Personal information
- Full name: William George Marks
- Date of birth: 9 April 1915
- Place of birth: Figheldean, Wiltshire, England
- Date of death: 22 January 1998 (aged 82)
- Place of death: Salisbury, Wiltshire, England
- Position: Goalkeeper

Youth career
- Salisbury Corinthians

Senior career*
- Years: Team / Apps / (Gls)
- 1936–1946: Arsenal / 2 / (0)
- 1936–1938: → Margate (loan)
- 1946–1948: Blackburn Rovers / 67 / (0)
- 1948: Bristol City / 9 / (0)
- 1948–1953: Reading / 118 / (0)

International career
- 1941–1943: England (wartime) / 8 / (0)

= George Marks (footballer, born 1915) =

English footballer

William George Marks (9 April 1915 – 22 January 1998) was an English association football player, who played as a goalkeeper.

Born in Figheldean, Wiltshire, Marks started his career at local club Salisbury Corinthians before joining Arsenal as an amateur in March 1936; he turned professional two months later. Marks spent two years on loan at Arsenal's nursery club Margate before returning in May 1938. He played twice for Arsenal before the outbreak of war, but served mainly as understudy to George Swindin and Alex Wilson; however he did play the final two games of the 1938-39 season, his debut coming against Derby County on 29 April 1939. His second and final league appearance in goal for Arsenal was memorable, as it was their 2–0 win over Brentford at Highbury, a match recorded on film for the movie The Arsenal Stadium Mystery.

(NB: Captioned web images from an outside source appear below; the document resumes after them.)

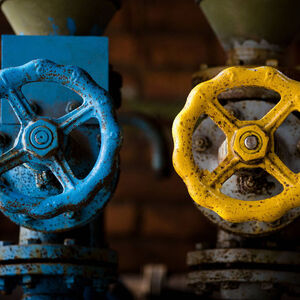 Gashahn, Oelhahn, in den Landesfarben der Ukraine. Dilemma Deutschlands wegen der Abhaengigkeit von russischem Gas und OeL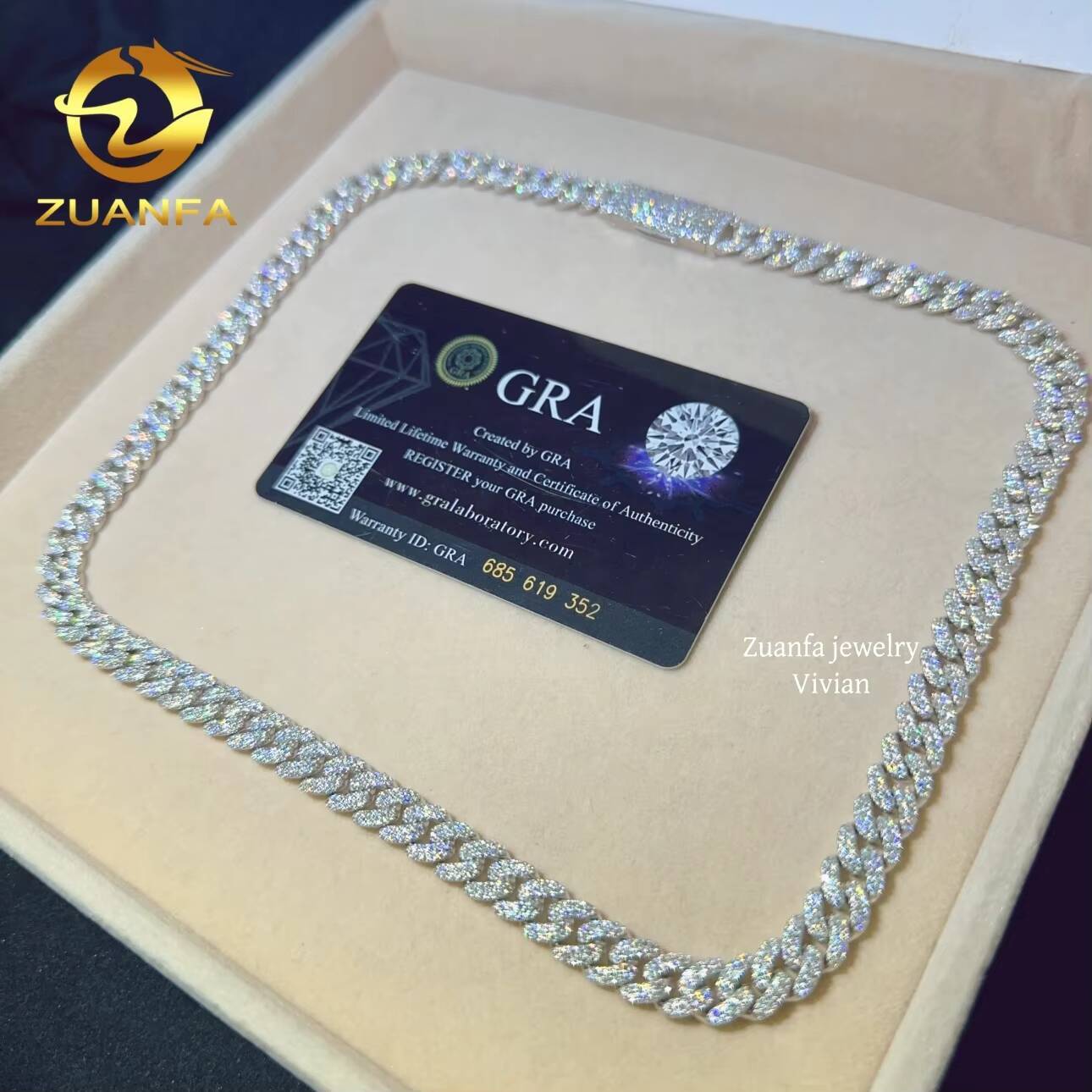 Fashion Luxury 8MM VVS Moissanite Diamond Sterling Silver 925 Cuban Link Moissanite Iced Out Necklace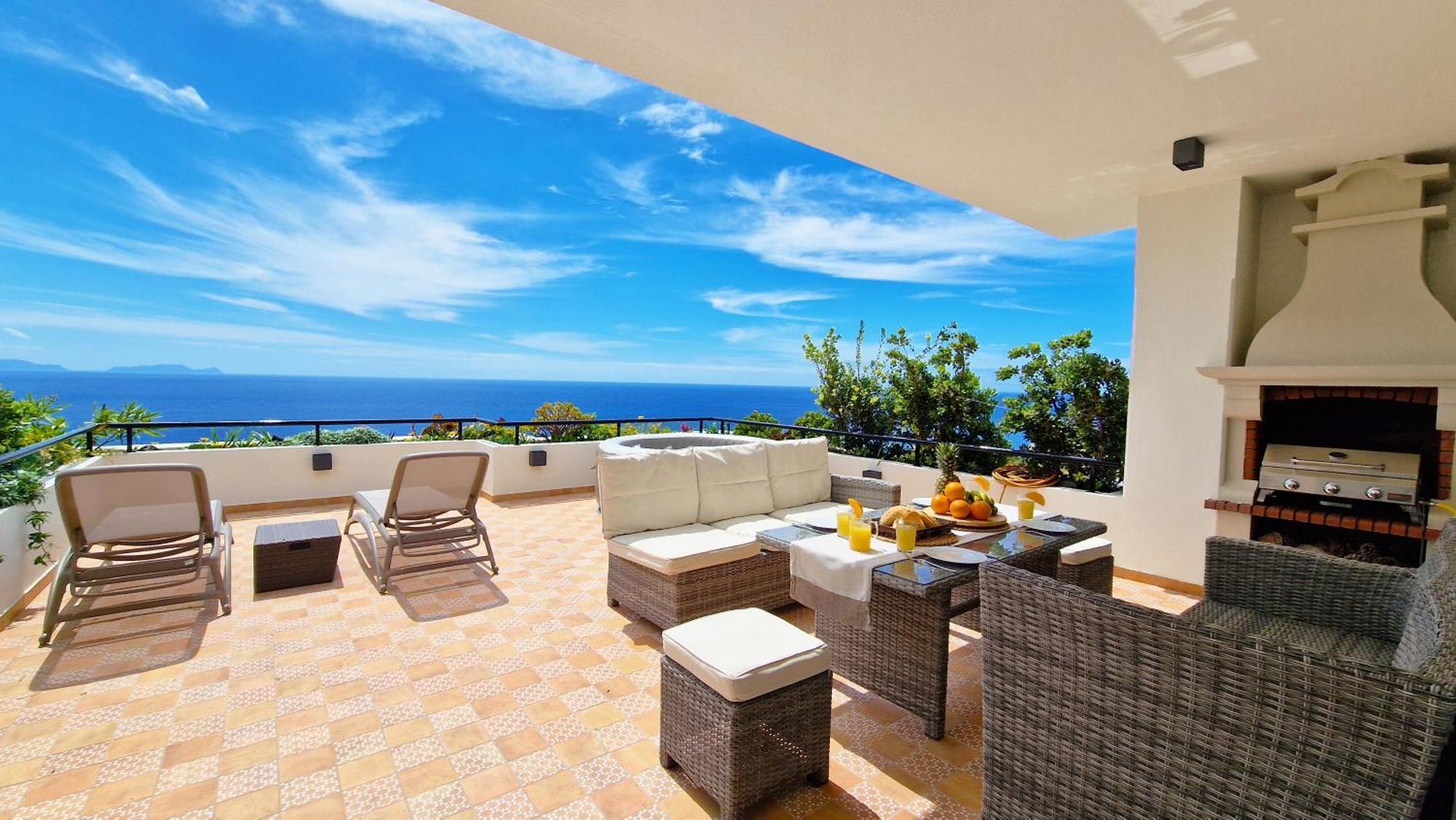 Casa Ulli By Lovelystay Caniço Exteriör bild
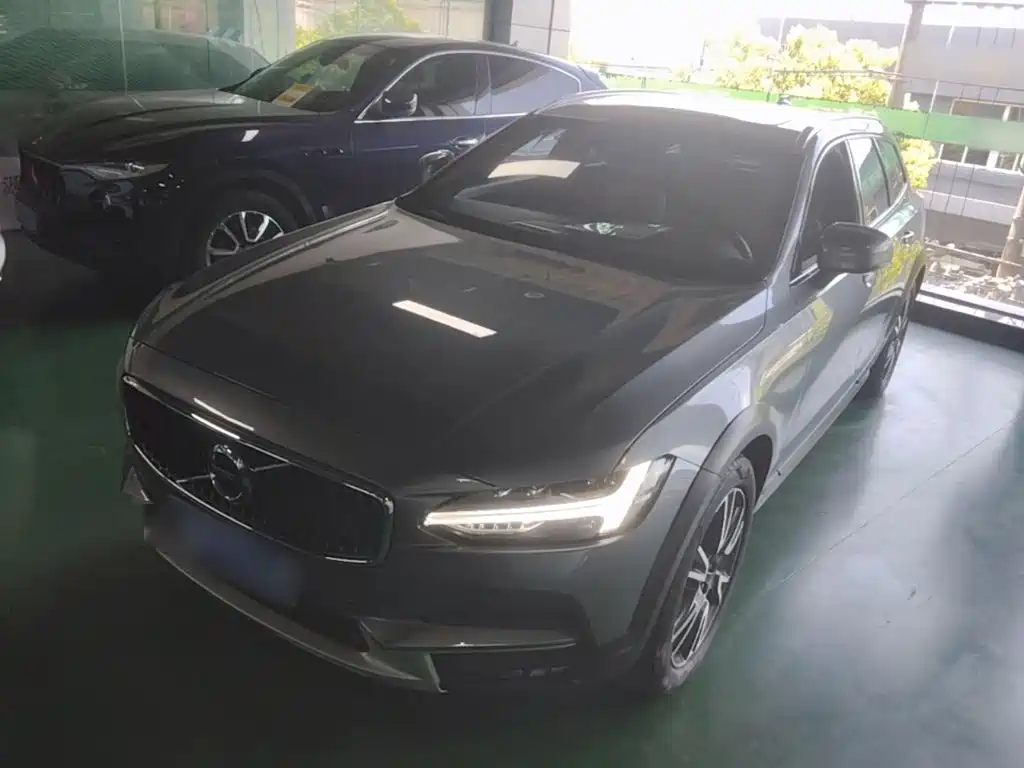 Фото 2 - Volvo V90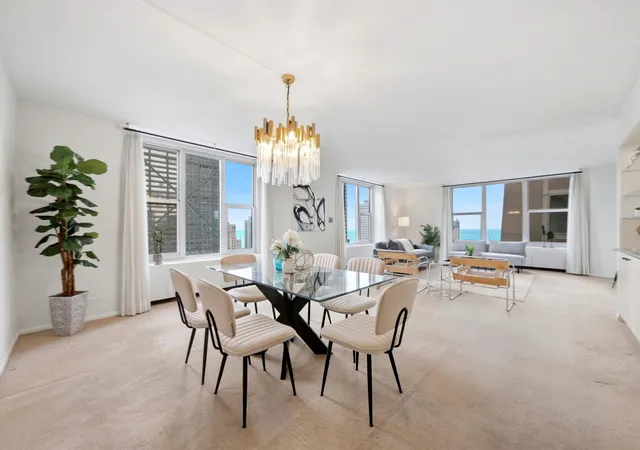 Listing Photo 2 - Condo for sale in building located at 777 N Michigan Ave, Chicago, IL 60611 - Unit #3100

Official football was suspended during the war; Marks served in the Royal Air Force in Northern Ireland, but still found time to play 129 wartime matches for Arsenal and win one Football League War Cup and two Football League South medals, as well as eight wartime caps for England. Once war was over and football resumed, Marks was deemed too old for Arsenal and sold for £5,000 in August 1946 to Blackburn Rovers - at the time a record fee for a keeper. Despite spending ten years with Arsenal, thanks to the war Marks had only two official League appearances to his name.

He spent two seasons with Rovers, his career there punctuated by a period out with a jaw injury. He moved to Bristol City in August 1948, but stayed only two months before signing for Reading. There he spent five years before retiring as a player. He went on to be a coach with Reading for two years before quitting the game entirely, and becoming a local government officer in his native Wiltshire. He died in 1998, aged 82.